Growing True Jaguar Coffee in Serranía de San Lucas

By Carlos Valderrama, DVM

The village of Serranía is a tiny community, a cluster of wood and lamina houses around a dirt soccer pitch high in the mountains on the edge what will become one of Colombia’s newest protected areas of jaguar habitat: San Lucas. The few dozen residents of Serranía—all internally displaced eight years ago by the violence of Colombia’s civil war at the time—and their children live a modest life. The community’s only significant industry is coffee production. Previously, the hills around Serranía were planted with coca for cocaine, but community members recently discovered that they can make a better living growing coffee, thanks to the presence of jaguars in the forests of San Lucas.

Óscar Pabón, the owner of the coffee plantation, has helped secure Panthera’s endorsement for the community’s coffee. Not only is it extraordinarily high quality coffee, grown without the significant use of herbicides in what is close to an ideal climate for coffee cultivation, but the community has also worked hard to make their plantation hospitable to wildlife, and especially the jaguars that live in the surrounding forests, which are monitored by Panthera.

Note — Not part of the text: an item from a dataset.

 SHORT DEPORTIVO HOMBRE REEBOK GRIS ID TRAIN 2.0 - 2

But there’s more. The community is now also beginning to plant avocados, another good crop, to shade the coffee plants and improve the quality even further. And they have committed to restoring forest in areas that were previously cut for agriculture and cocaine production. These restored forests will be a home for the threatened jaguars, spectacled spider monkeys, two sloth species, brown spider monkeys, harpy eagles and all the biodiversity within the jungle here.

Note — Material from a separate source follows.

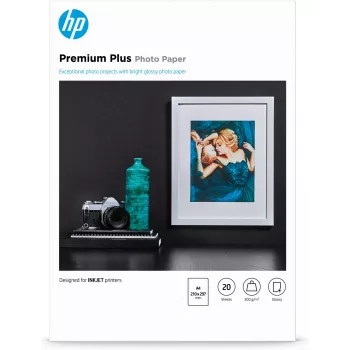 HP Premium Plus blizgus fotopopierius 20 lapų A4 300 g/m²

Responsible coffee farming can help build a buffer around the core jaguar habitat in the center of an eventual national park in San Lucas. Because the coffee farmers can now say that their coffee is true Jaguar Coffee, with the Panthera logo as part of the branding on the bag, they are also able to charge a premium of around 10 percent. This is 10 percent more income than they would have without the jaguars of San Lucas. This alignment of the needs of the jaguar with the economic needs of the people who live alongside it is the Panthera model, and the only way to save these great cats.